While my husband and I have many things in common, we also have some differences. Sometimes, those differences come in the area of opinions. And what sometimes makes it really tough to resolve a conflict that arises over a difference of opinion is that nobody’s sinning. For example, in the case of this recurring dilemma that had cropped up yet again for me, I couldn’t say, “Well, Phil is sinning, so he should be the one to give in.”

He wasn’t sinning. I wasn’t, either. So what should I do? How should I respond?

Those are the questions I asked God. What do I do, God? How do I act toward my husband?

Suddenly, without even having to pray very long this time, God’s answer reached my spiritual ears, loud and clear: Just love him.

Yes. Love.

Jesus seemed to think love was pretty important, too. He told the religious leaders that the greatest command of all was to love God, and the second most important was to love others. At the last supper, He underscored His own words by framing it as a new command to His disciples: Love one another.

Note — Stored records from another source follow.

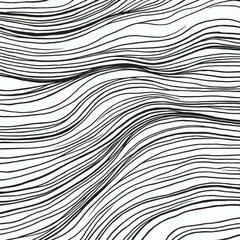 Minimilist abstract background with wavy black lines creating a flowing pattern on a white canvas surface design vector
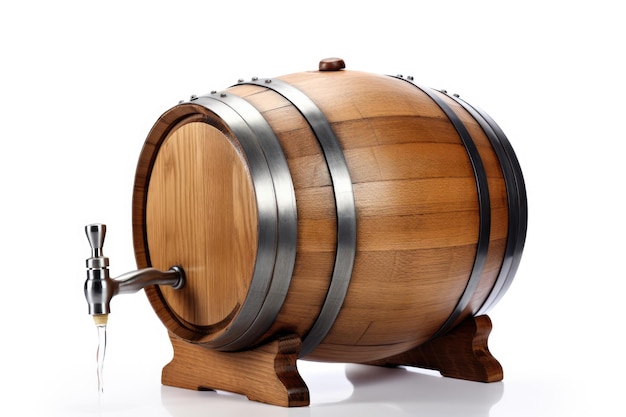 An oak barrel equipped with a tap standing alone on a white background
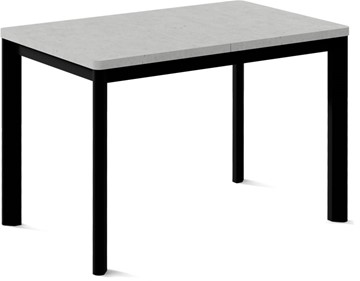 Кухонный раздвижной стол Кубика Токио-2L (ноги металлические черные, светлый цемент) в Комсомольске-на-Амуре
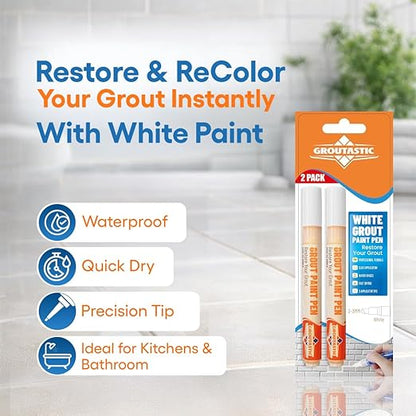 White Grout Paint Pen Tile Grout Colorant & Sealer Marker, Quick-Dry, Ideal for Bathroom, Shower, Kitchen Tiles Restores Grout Lines, 3 Adjustable Tips (2-3 mm) 2 Pack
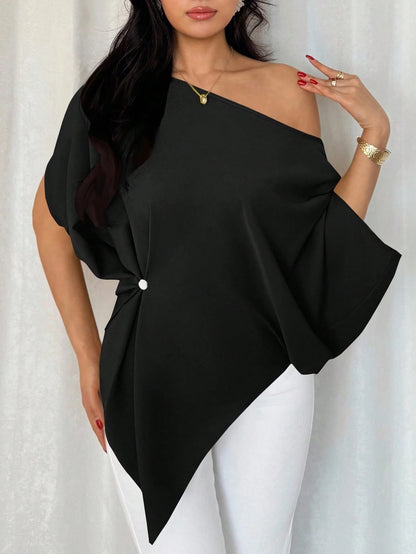 One-Shoulder Batwing Sleeve
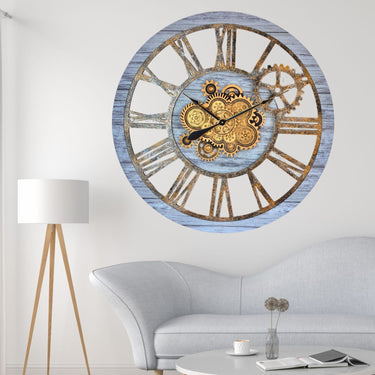 HORLOGE MURALE AVEC VRAIS ENGRENAGES MOBILES 36 POUCES BEIGE DU DESERT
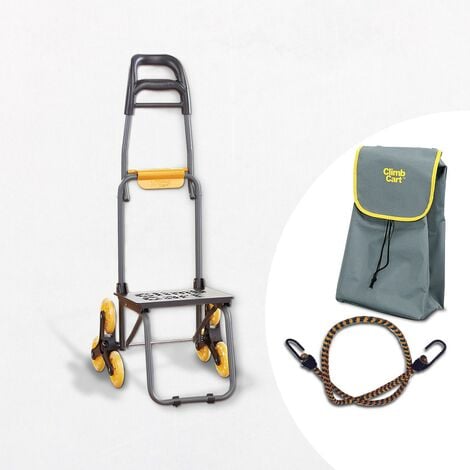 Climb Cart - Einkaufstrolley - Treppensteiger mit 3-Rad-Mechanik - Klappbarer Einkaufswagen - Abnehmbare Jumbotasche - wetterfeste Materialien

Granted, just loving someone doesn’t mean we’ll always know what to do or how to treat them. But love should be the starting place of our actions and even thoughts toward any other person, including, yes, our husband—but also our precious children.

Too often, in the hustle and bustle and confusion of parenting, we forget this. It’s not that we mean to forget, or that we don’t love our children in that moment. It’s just that sometimes we’re busy, or distracted. Or tired. Or annoyed. And we react out of how we feel at the moment instead of stepping back, emotionally speaking, and then entering the interaction purposefully, from a starting point of unconditional love.

We make our interactions with others all about ourselves—what we like, what we want, what will please us—instead of asking, What would loving this other person look like right now?

Let’s be completely, heartbreakingly honest: sometimes we love ourselves more than we love our children.

Oh, God, we need Your help! Help us to love You first and others second—not ourselves first, and You and others only when (and if) we feel like it. May we never act towards others with anything but love, following the example of Your Son, who never did anything less or anything else than love. Amen.

Mark 12:30-31—“ ‘Love the Lord your God with all your heart and with all your soul and with all your mind and with all your strength.’ The second is this: ‘Love your neighbor as yourself.’ There is no commandment greater than these.” (NIV)

John 13:34—A new command I give you: Love one another. As I have loved you, so you must love one another.